◆ **Task directions**
Go to the line holding "תמונת נושא של" in the data below and repeat it exactly, then each line after it up to and including the one holding "Joven camarera con". Omit pictures.

◆ **Dataset records**
════

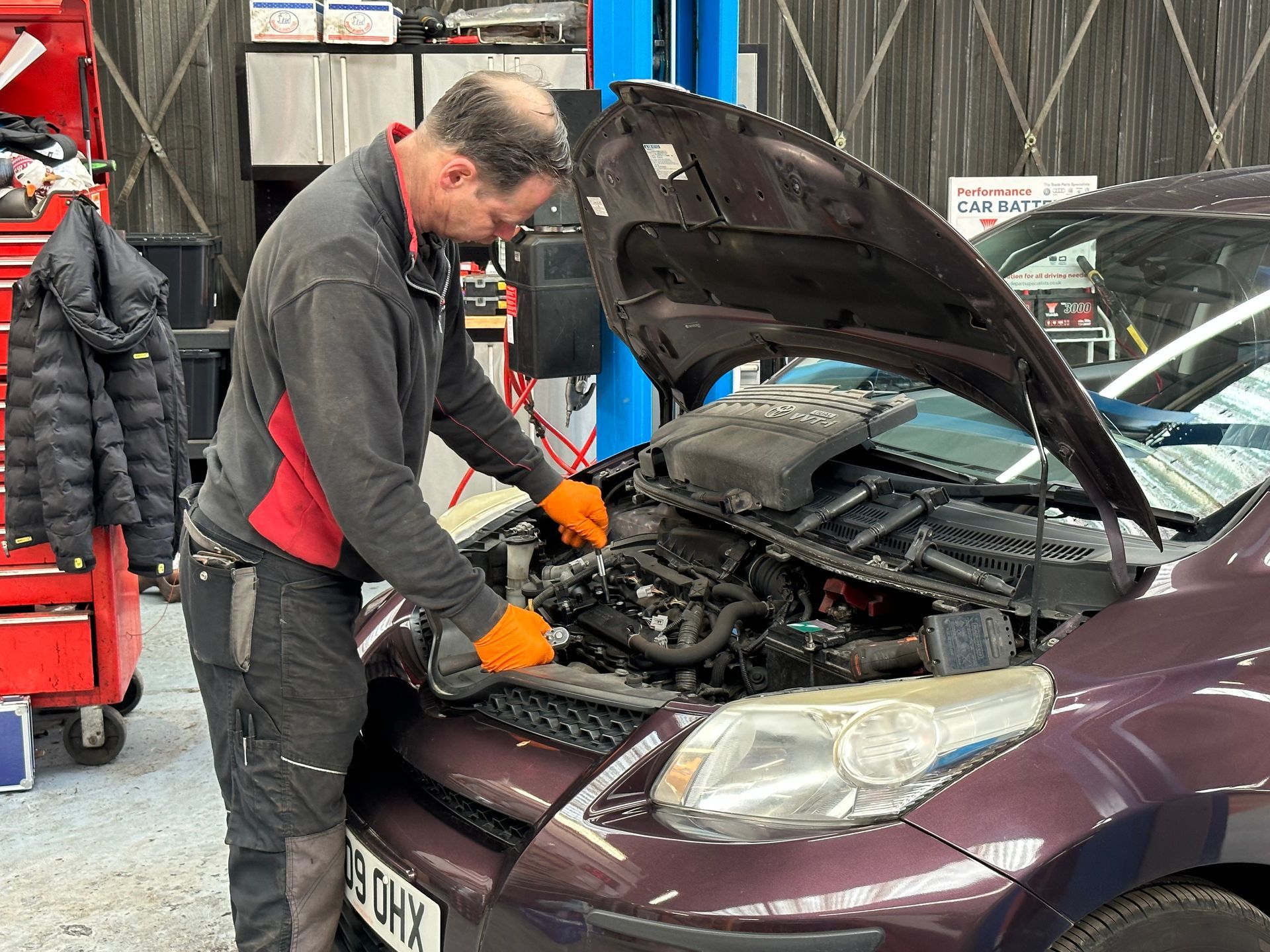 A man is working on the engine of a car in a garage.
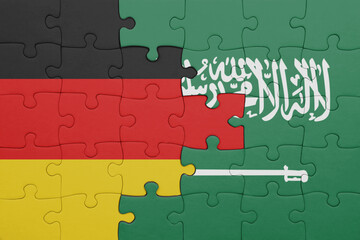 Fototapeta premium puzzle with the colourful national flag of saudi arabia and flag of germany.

════

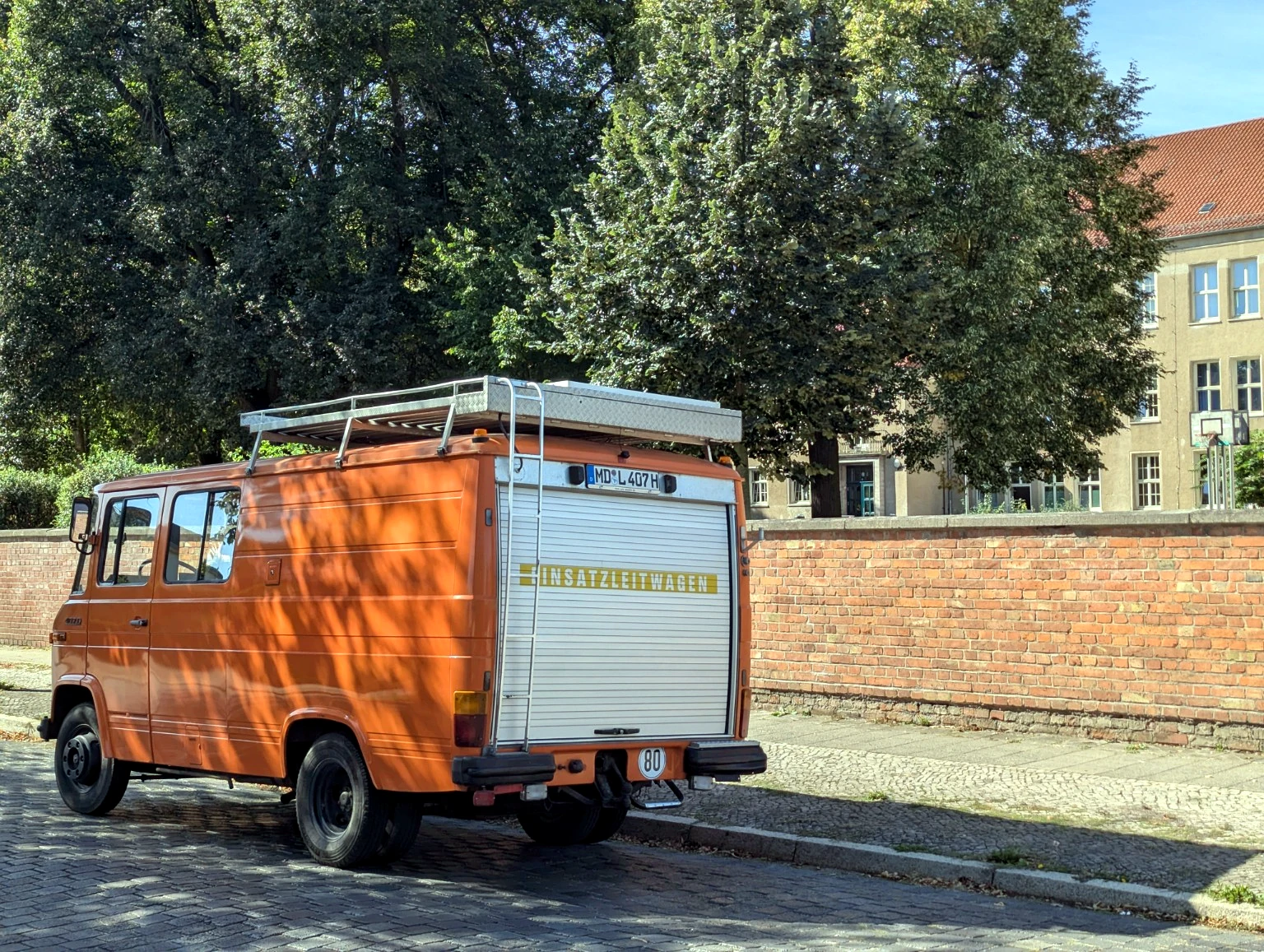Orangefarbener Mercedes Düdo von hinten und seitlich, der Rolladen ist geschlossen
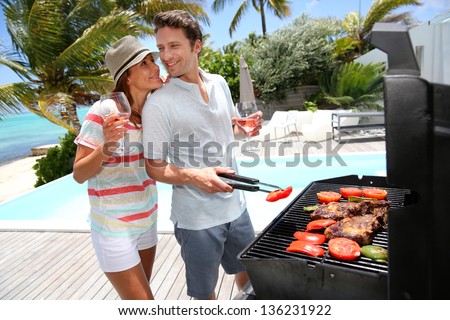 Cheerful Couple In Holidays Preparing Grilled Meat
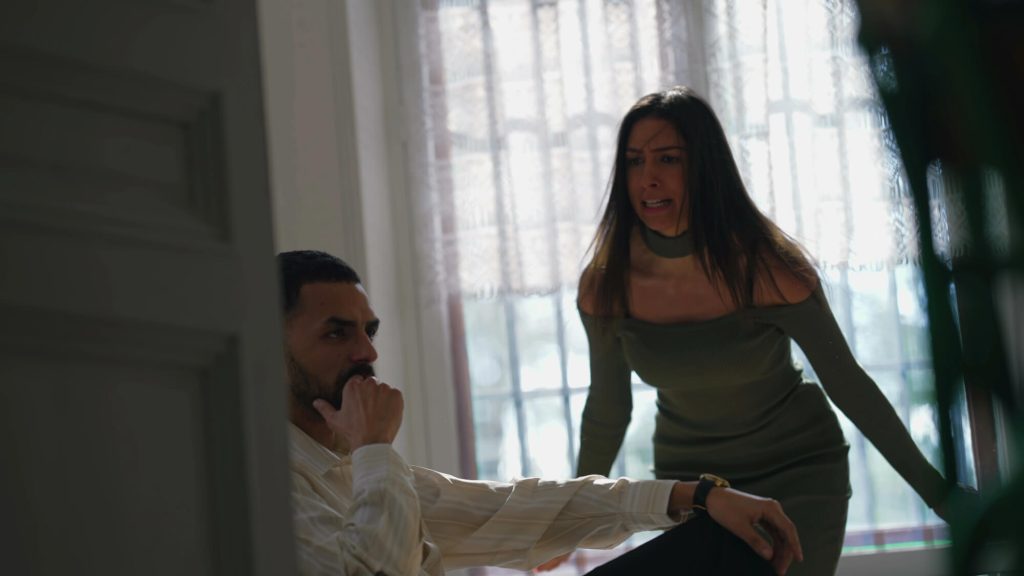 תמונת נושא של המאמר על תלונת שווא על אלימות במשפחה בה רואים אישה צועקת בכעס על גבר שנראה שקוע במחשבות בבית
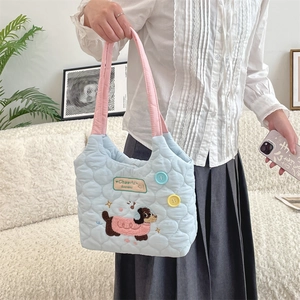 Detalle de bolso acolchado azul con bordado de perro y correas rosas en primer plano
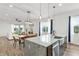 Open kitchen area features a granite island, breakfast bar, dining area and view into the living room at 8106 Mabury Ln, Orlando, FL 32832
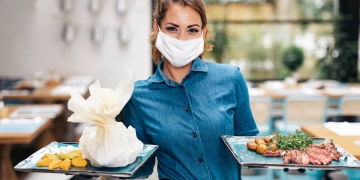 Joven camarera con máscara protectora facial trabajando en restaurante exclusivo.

════

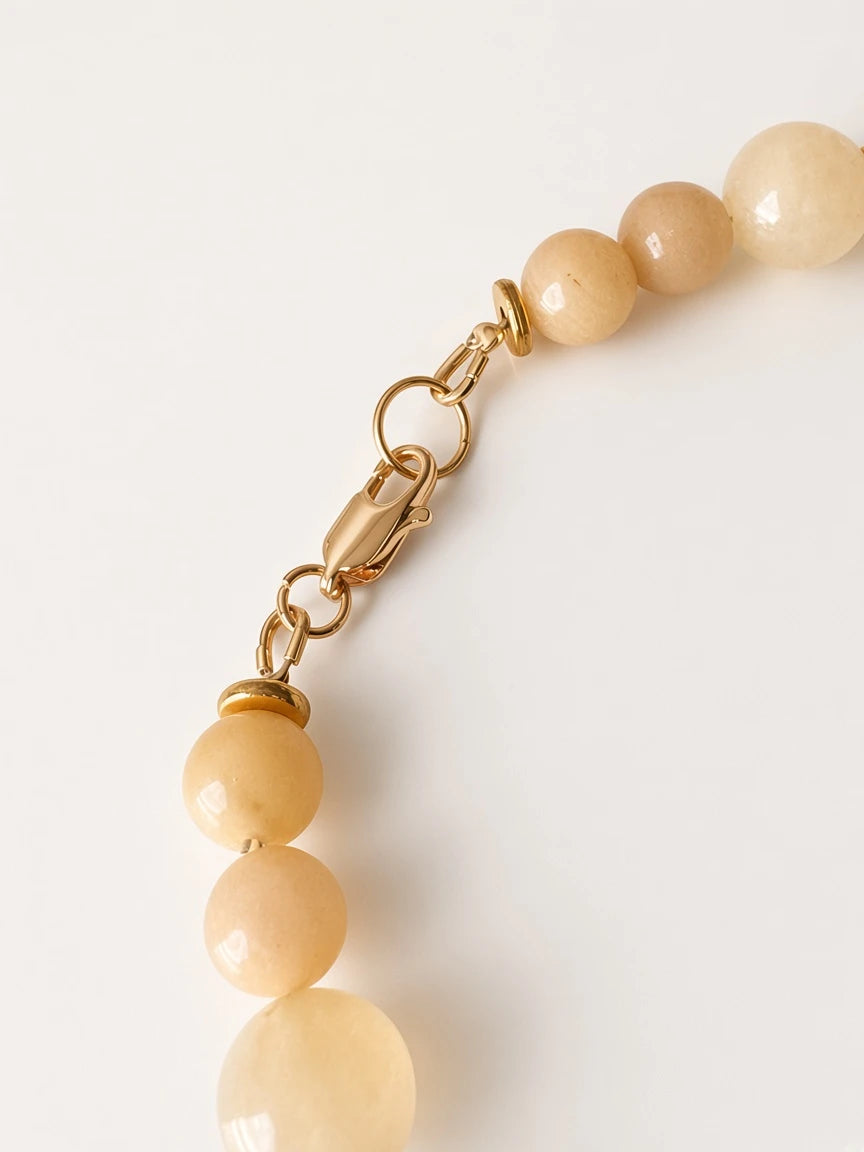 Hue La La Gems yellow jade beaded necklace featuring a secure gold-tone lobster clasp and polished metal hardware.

════

◆ **Reply**
 תמונת נושא של המאמר על תלונת שווא על אלימות במשפחה בה רואים אישה צועקת בכעס על גבר שנראה שקוע במחשבות בבית
 Detalle de bolso acolchado azul con bordado de perro y correas rosas en primer plano
 Open kitchen area features a granite island, breakfast bar, dining area and view into the living room at 8106 Mabury Ln, Orlando, FL 32832
 Joven camarera con máscara protectora facial trabajando en restaurante exclusivo.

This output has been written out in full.